Kur’an ve hadisi şerifler incelendiğinde şu büyük gerçekle karşılaşıyoruz: Niyet berrak olmadıkça şehadet bile adının içini dolduramamaktadır. Bizim beşer olarak ‘şehit’ payesi biçtiğimiz biri Allah’ın nazarında sadece ‘ölü’ olarak görülmekte ve öyle kaydedilmiş olabilmektedir. Bunun için İmam Şafii ve onun gibi niceleri, “Yapılan işler niyetlere göre değerlenir. Herkese yaptığı işin karşılığı niyetine göre verilir.” hadisini dinin dörtte biridir, şeklinde yorumlamışlardır. Bunun anlamı şudur: Din bağlantılı her ne yaparsanız yapın ¼ ihtimalle bu hadisin muhatabısınız. Müslümanlığınız, hayatınızın Müslümanca olması veya olmaması ile ilgili karar bu kurala göre verilecektir. Kişiler doldurdukları koltuklara, konuştukları sözlere göre insanlar tarafından değerlendirilebilirler. Büyük işler yapmış olabilirler. Ama ebedî âlemde işlerin karşılığı verilirken herkese yaptığı işin karşılığı niyetine göre verilir.
İbadetlerden mübahlara kadar her işte bir niyet ve ihlas mücadelesi yapmak durumundayız. Bizi yoldan çıkarmak için uğraşan şeytanın yaptırmamak için uğraştığı işlerde, yaptırmamayı beceremezse, niyeti ve ihlası pürüzlü olarak yaptırmaya kalkışacağını asla unutmamak durumundayız. O iyi bilir ki bir ameli hiç yapmamakla niyetten ve ihlastan yoksun olarak yapmak arasında çok fark yoktur. Biz, Allah’ın emirlerini yerine getirmenin yanında bir de niyet ve ihlâs mücadelesi yapıyoruz.

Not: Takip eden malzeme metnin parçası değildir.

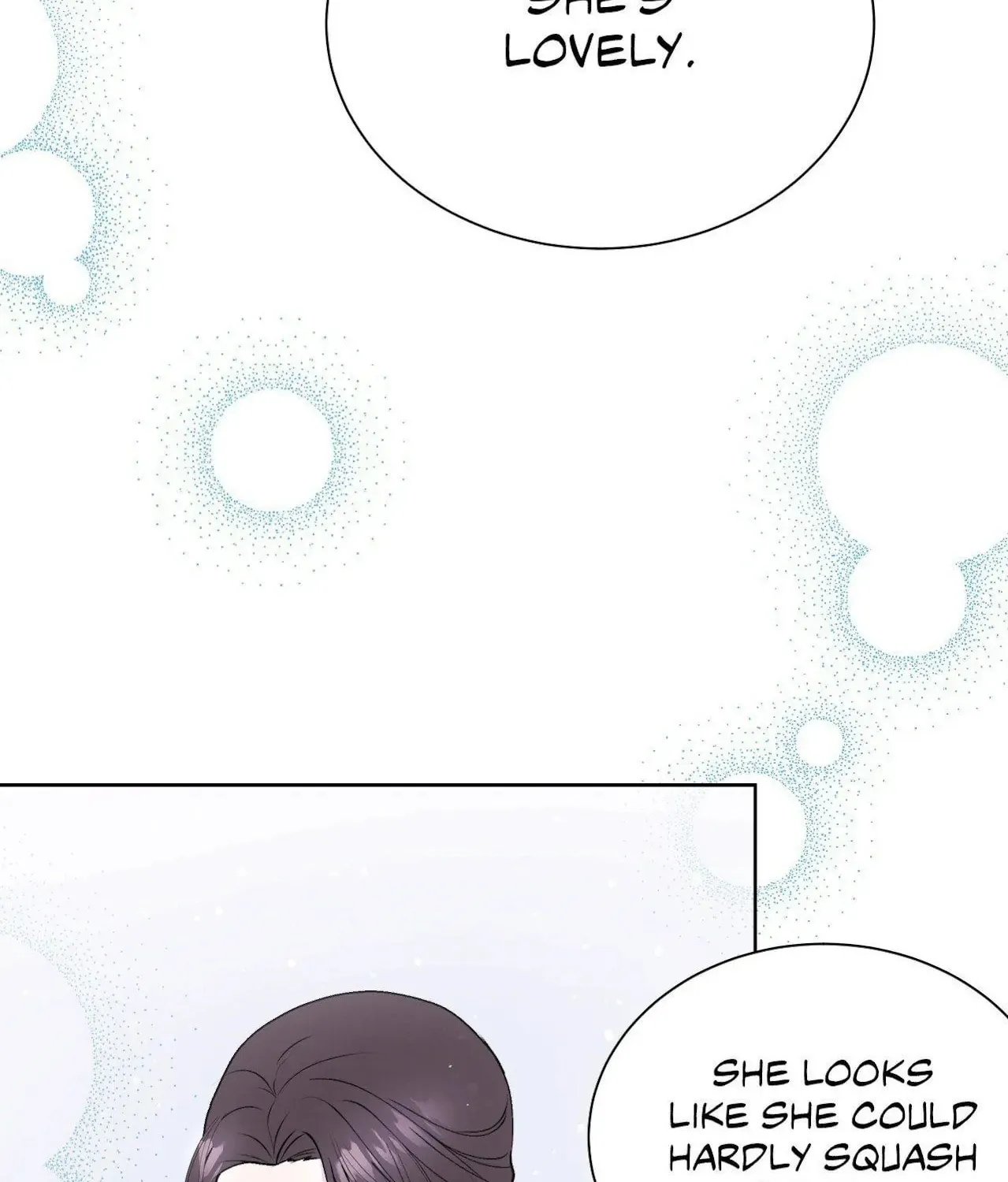 Lilith 2 Chapter 81 page 66 - 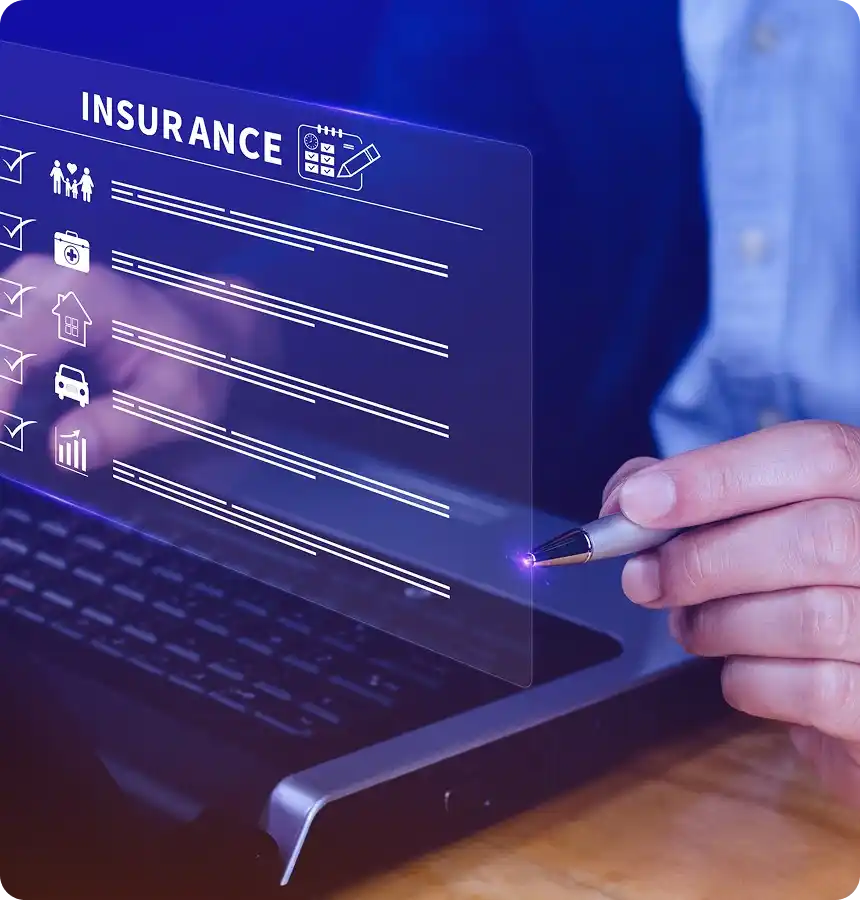 AI Agents Streamlining Claims Assessment for an InsurTech Platform (2)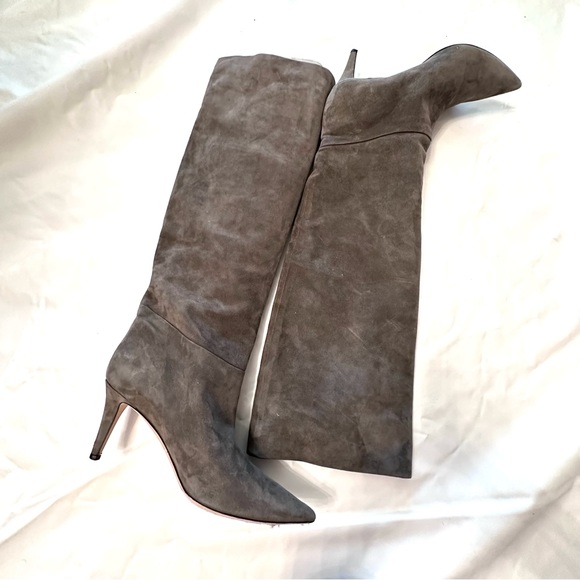 tamara mellon icon knee high 105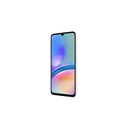 Samsung A05s 4Go/128Go Light violet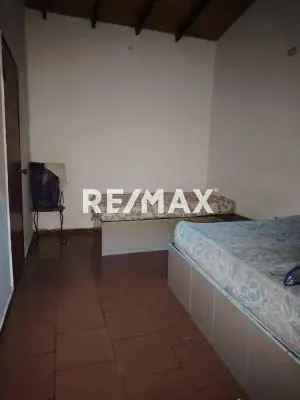 Propiedad Multipropósito a la Venta o alquiler en Carvajal - 2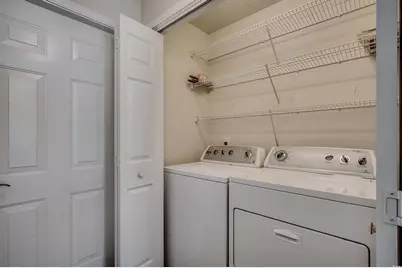 3512 Queens Harbour Blvd., Myrtle Beach, SC 29588 - Photo 23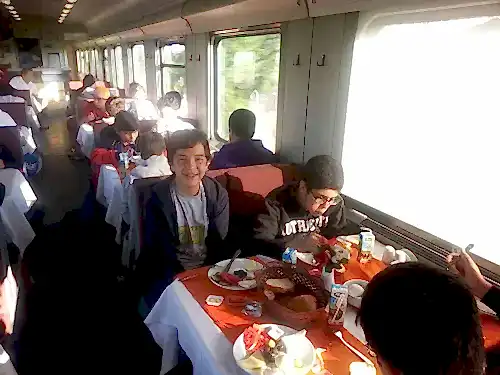 Atakule Spor Akademisi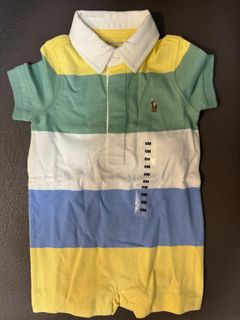 （分類：）位於 。 由 peterlee2022 提交（商品編號 1370827344，圖片 1）。簡介： 。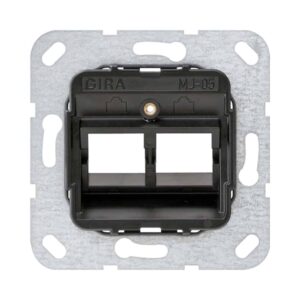 MJ-05 2f Tragring Gira 560500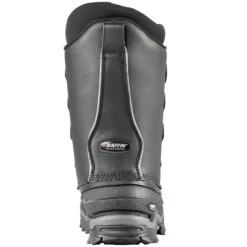 BAFFIN CONTROL MAX BLACK 23 -SnowPro Ski Deals Store 9 118884 control max black baepic m004 04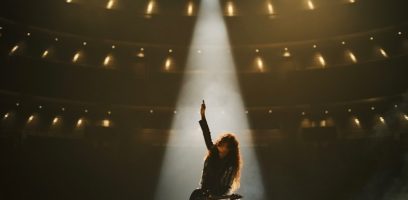 Marty Friedman 1107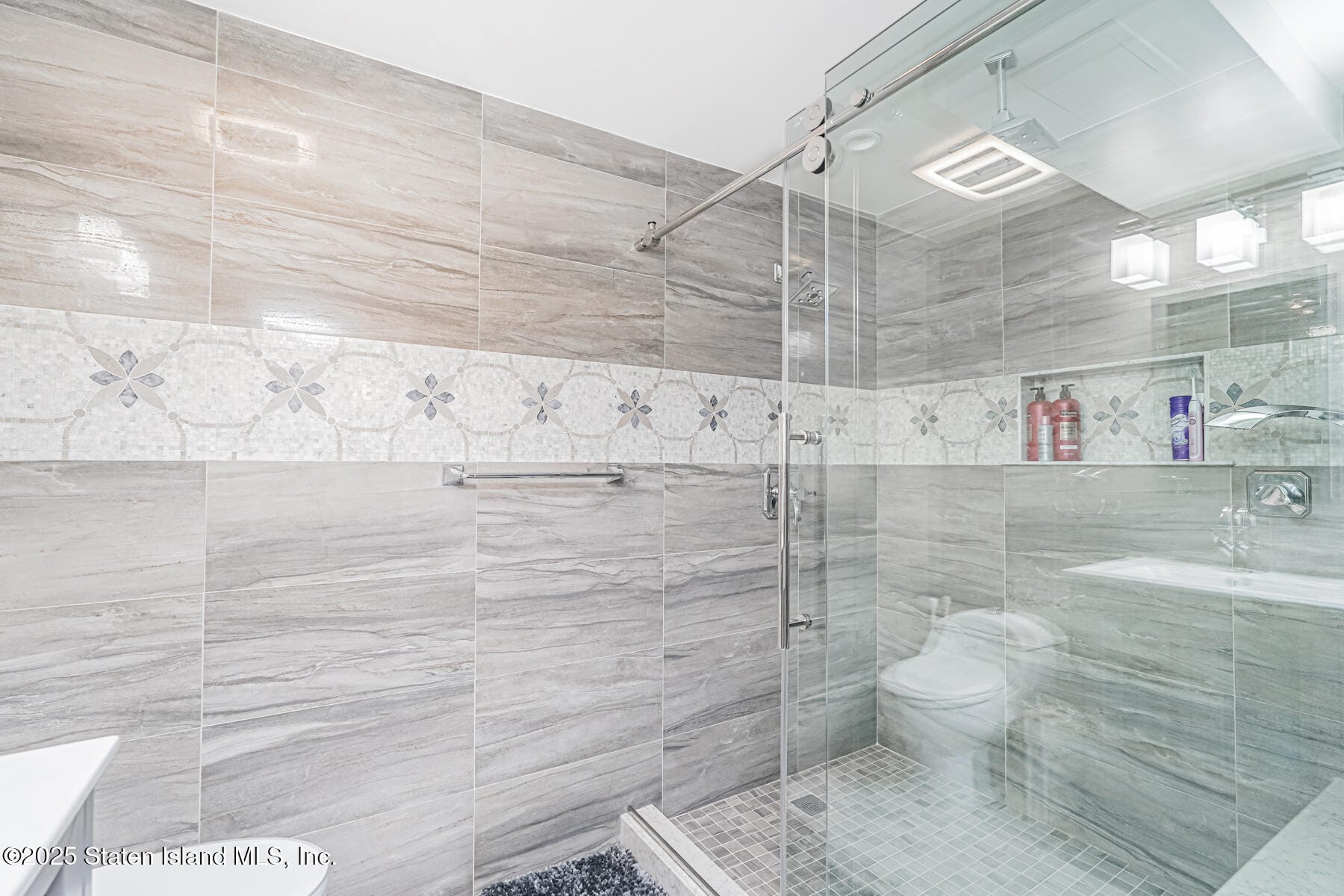 218 Albee Avenue, Staten Island, NY, 10312 image 7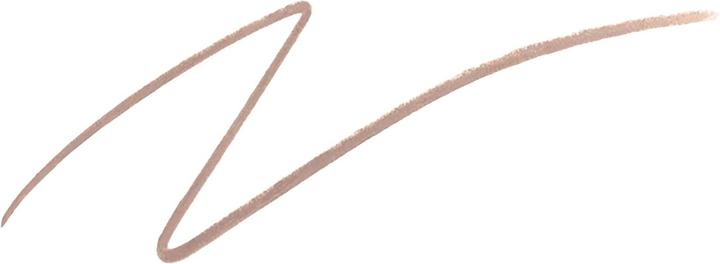 Produktbild NARS Cosmetics Brow Perfector (Goma Blonde)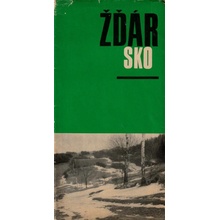 Žďársko - Adolf Rossi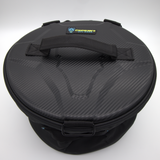Spare Tire Storage Bag Chupacabra Offroad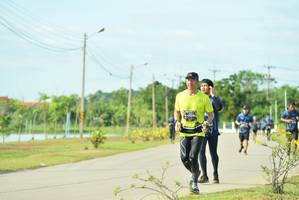 BIB: 0175, 
                            <button type="button" onclick="openModal(5123578)" class="btn btn-primary btn-sm float-right btn-popup" data-toggle="modal" data-target=".modal-high-quality">
                        <i class="fas fa-shopping-cart"></i> Add to Cart
                    </button>
                                            <button type="button" onclick="isThisMe(5123578, true)" class="btn btn-success btn-sm float-right btn-popup btn-isme hidden" data-toggle="tooltip" data-placement="bottom" title="นี่คือรูปของคุณใช่ไหม คลิกที่นี่เพื่อเอาเข้าอัลบั้ม">
                        <i class="fas fa-plus"></i> Add to album
                    </button>
                    <button type="button" onclick="isThisMe(5123578, false)" class="btn btn-warning btn-sm float-right btn-popup btn-isnotme hidden">
                        <i class="fas fa-ban"></i> Remove from album
                    </button>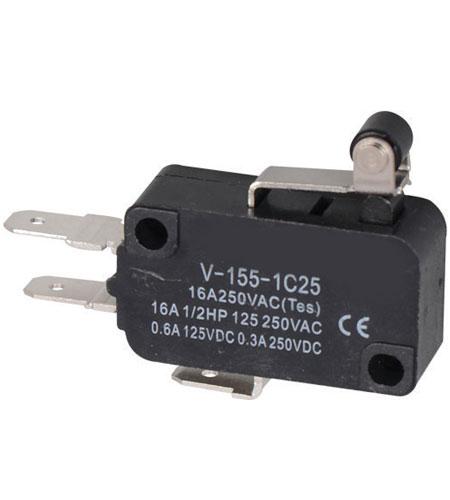 v-155-1c25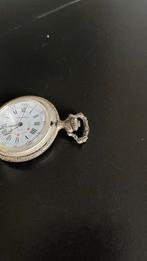 Antiek Thermidor Zakhorloge, Ophalen of Verzenden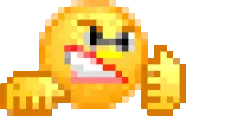 mad emote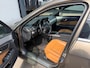 Mercedes-Benz E-klasse Estate 350 CGI Avantgarde 1EEIG/DEALERONDERHOUD/PANO/MASSAGE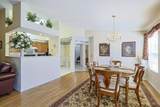 6714 Washington Circle - Photo 11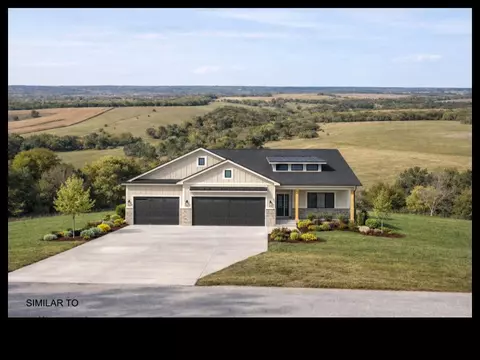 lot6 Hogback Bridge Rd, Earlham, IA 50072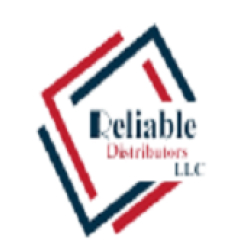 Reliable Distributors
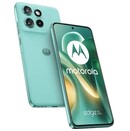 Smartfon Motorola edge 60 neo 5G niebieski 6.36" 12.0GB/256.0GB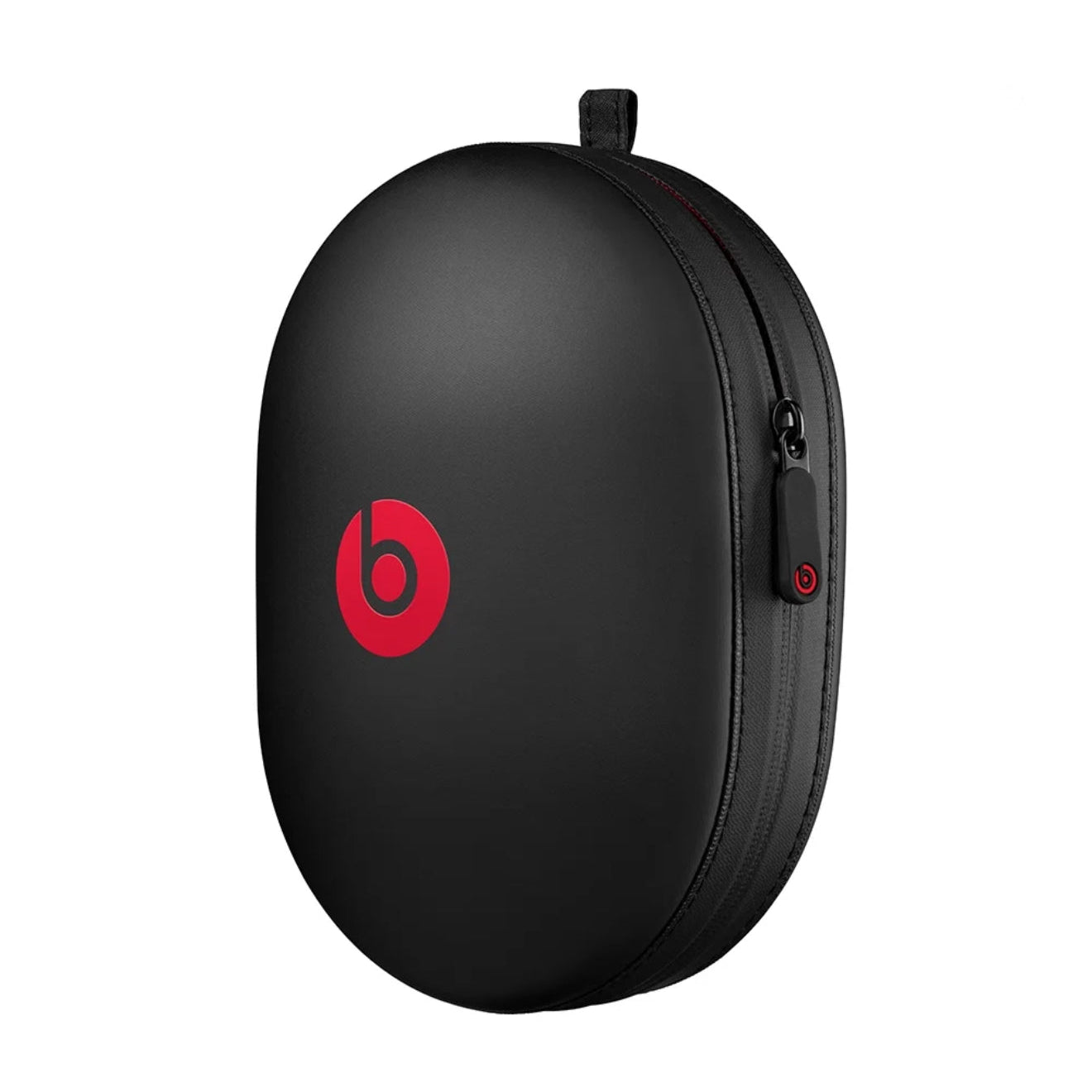 Beats Studio3 Wireless Headphones with Apple W1 Chip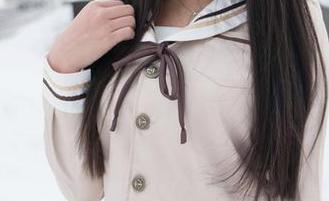 MiStar魅妍社 – 最新！程小烦不烦在浴室里干了件“水汪汪”的大事，快来围观我的分享！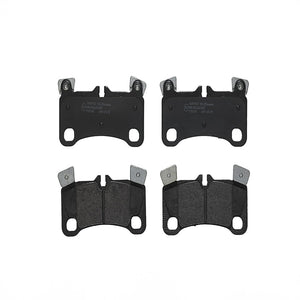 Brembo P85103 Brake Pad||p85103.Jpg||85||brmp85103||1067845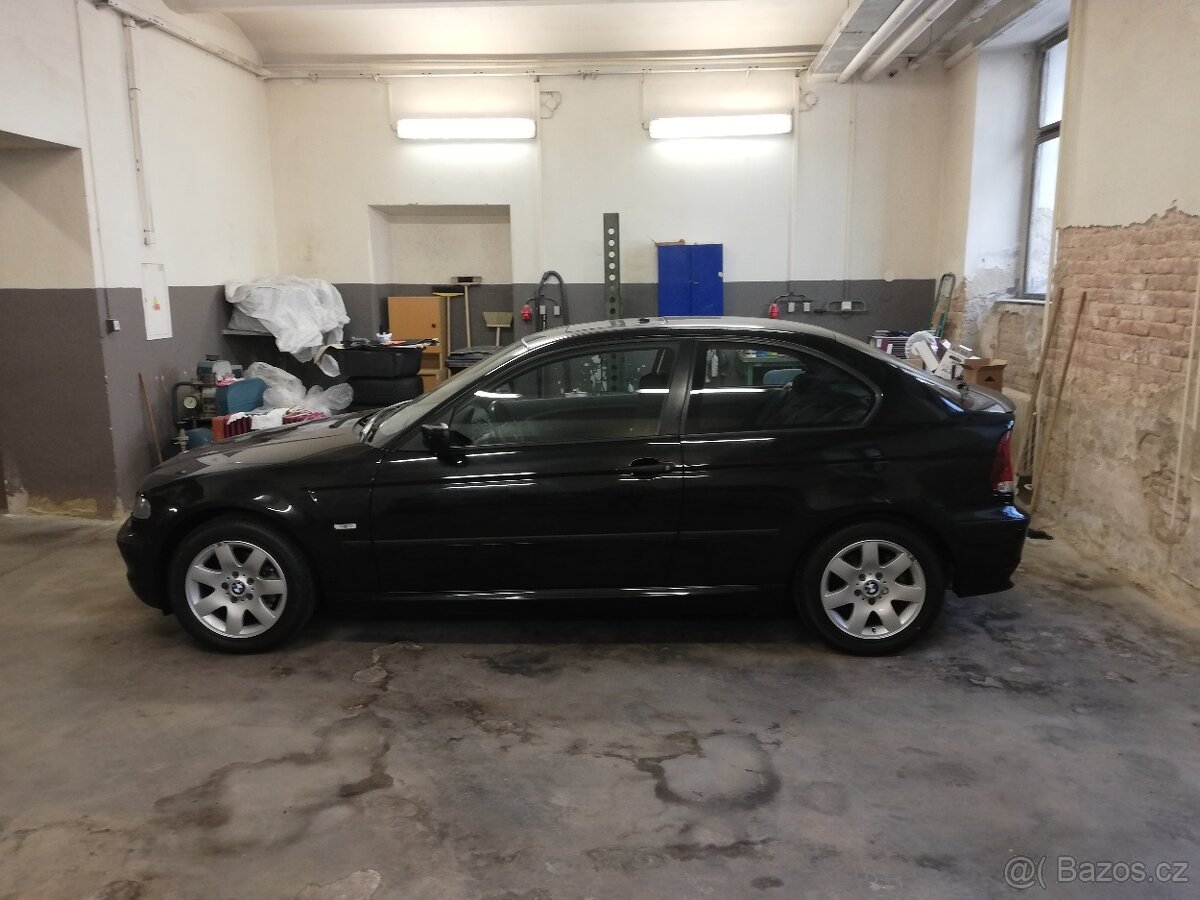 E46 - 4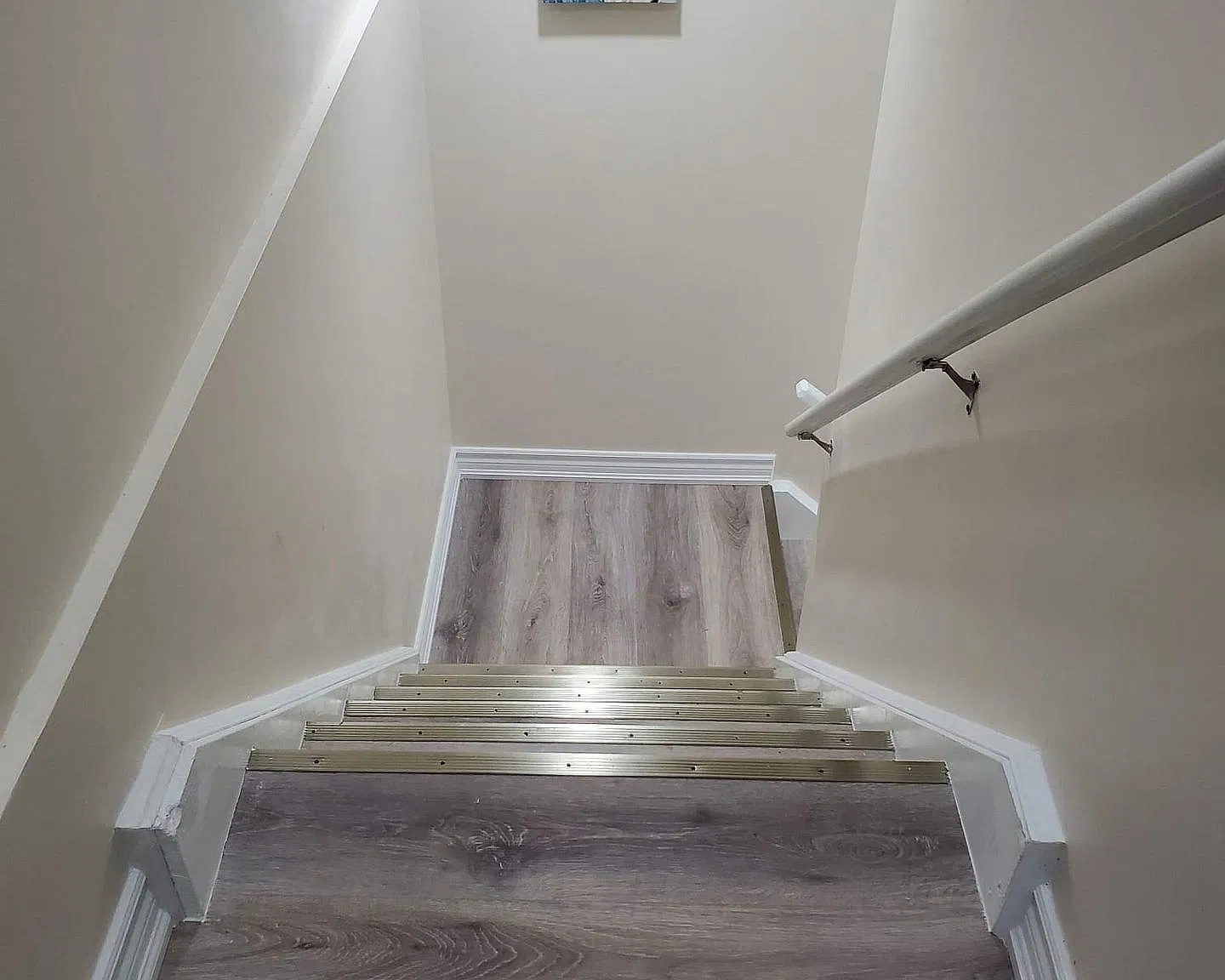 2 bed, $1,850 — Photo 3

Amel ve Niyet / Beden ve Ruh
İslam âlimlerinden İbni Hazm, amelleri bedene, niyeti de ruha benzetmektedir. Nasıl insanın ruhu bedenden çıkınca ceset ayakta duramayan ve ürküten bir yığın hâline geliyorsa, niyetten yoksun ameller de bir yığın şeklinde kalmaktadır. Gerçekte de bir işi yapmakla mükellef olan bedenlerimiz değil, nefislerimizdir. Beden sadece uygulama aracıdır.
Banyoda vücudunu yıkayan bir Müslümanın serinlenmek için mi gusletmek için mi yıkandığını ancak banyoya girerkenki niyeti belirler. Sonucu da belirleyen o niyettir. İkinci bir şahsa yapılan bir ödemenin zekât mı olduğu, yoksa zekâtın dışında verilebilen hediyeden rüşvete, borç ödemeye kadar bir sürü çeşit arasındaki ayrımı niyet sağlamaktadır. Mescide giren bir Müslümanın girişi, serinlenmek için de olabilir itikâf maksadı ile de olabilir. Namaz vaktini beklemek, Kur’an okumak, zikir yapmak, bir arkadaşını beklemek için de olabilir. Sonucu belirleyecek olan niyettir. Kılınan bir namazın farz mı, sünnet mi olduğu, hangi farz olduğu da niyetle belirlenir.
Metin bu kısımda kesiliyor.